善場:「今朝のお父さんの行動について、絵恋さんは何か聞いていましたか?」
絵恋:「全然聞いていません。ただ、父はよく付き合いでゴルフに行ってたりしてるので、それだと思いました」
善場:「メイドさんに事情は聴いてくれた?」
絵恋:「は、はい。ダイヤがそれを知っていました。6時ぐらいに、父がタクシーで出て行く所を見たそうです」
愛原:「タクシーで?ハイヤーじゃないんだ?」
絵恋:「そのようです」
善場:「どこのタクシー会社?」
絵恋:「それが、いつもと違う会社だったそうです」
愛原:「社長が契約しているタクシー会社は、日本交通だよね?」
さいたま市では100%出資の子会社、日本交通埼玉であるが、しかしタクシーチケットなど相互利用が可能である。
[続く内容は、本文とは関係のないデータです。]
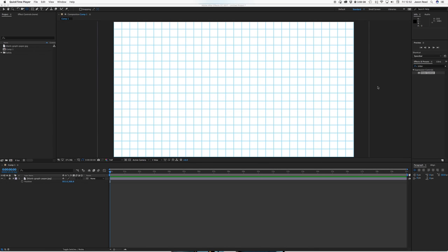Greetings After Effects Buddies, let's take a look at making a really easy to animate bar graph.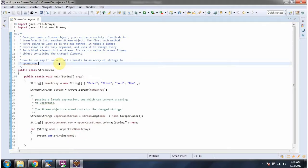Hi, in this video tutorial I will cover how to use the map method of stream to convert all elements in the array of strings to uppercase.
絵恋:「そうです。うちのメイドはそんなにタクシーには詳しくないのですが、屋根に『大宮』と書かれた看板のタクシーだったそうです」
愛原:「大宮!」
恐らく地元のタクシー会社で、『大宮』と名の付く会社だろう。
しかし、何だって社長はハイヤー契約しているタクシー会社ではなく、全く無関係のタクシー会社を予約したのだろう?
さいたま市という所は、基本的にタクシーは流し営業を行っていない(さいたま市のタクシー会社の中には、採用情報に『東京都内と違い、流し営業は行いません』と謳っている所もある)。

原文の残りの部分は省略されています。